SDI Video Streaming – Design Challenges
Serial digital interface (SDI) is a standard for high quality lossless digital video transmission. Depending on the data rate there are different variants of SDI video streaming.
- SD-SDI carries NTSC/PAL video data with a data rate of 270Mbps
- 3G-SDI carries 1080p videos with a data rate of 2.97Gbps
- Dual – SDI Video Stream carries two independent HD video streams in a single link. This results in a data rate of 2.97Gbps
- HD-SDI carries High Definition videos with a data rate of 1.485Gbps
The greatest advantage of SDI video streaming technology is being able to transfer high- definition video signals without any loss of quality. This is due to the fact that the video is transferred in uncompressed format. A video network based on SDI video streaming can be easily put together with a readily available 75 ohm co-axial cable between a transmitter and a receiver. Because of these benefits, SDI SDI Video Streaming is rapidly becoming the leading video format for digital video transmission.

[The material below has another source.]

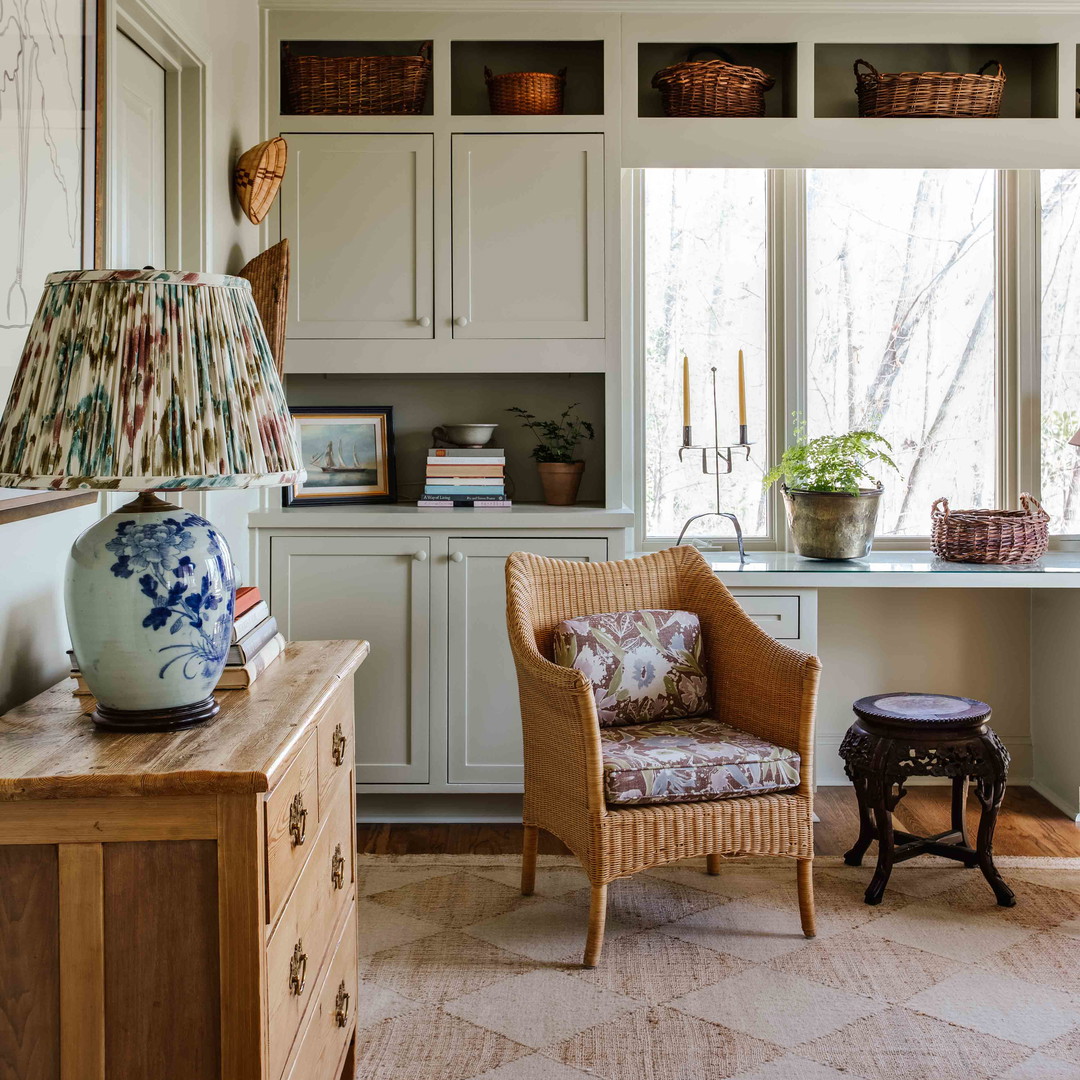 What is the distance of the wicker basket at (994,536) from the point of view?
131 inches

Mistral offers Design Services for a wide range of Video Streaming applications. One of our recent designs involved SDI Video Streaming (transmit and receive), both working at 3G data rate. The scope of our project required that we output processed video streams on the SDI interface. We integrated a high-end video processor from TI along with a Spartan – 6 FPGA from Xilinx to achieve the required SDI Video Streaming. The SDI video streaming was implemented by integrating an SDI core inside the FPGA. The SDI Video Streaming core mainly uses two clocks, one a Reference clock and the other a pixel clock. The reference clock is a fixed LVDS clock input while the pixel clock is the one to which the parallel video data is synchronized from the processor. For proper functionality of an SDI Video Streaming application, the SDI core expects both data and reference clocks to be in complete phase synchronization.
The main challenge that we faced in bringing up SDI-TX was in achieving synchronization between the processor’s pixel clock and the reference clock fed to the SDI core. To mitigate this, we added a FIFO in FPGA and used an internally generated clock inside the SDI Video Streaming core, as a FIFO read clock, with pixel clock being used as FIFO write clock. Although this resulted in phase synchronization, there were frequent underflow and overflow of FIFO due to minute frequency jitter among these clocks. To eliminate this, we had to find a common clock source for the pixel clock and the SDI core’s reference clock . To accomplish this, we connected a clock from FPGA, generated from SDI core reference clock, to an auxiliary clock input of the processor. Since the processor now derived the pixel clock using this auxiliary clock input, the FIFO overflow/underflow issue got resolved. Synchronization with the processor was not an issue for the SDI-RX path since the SDI-Core in itself generates pixel clock.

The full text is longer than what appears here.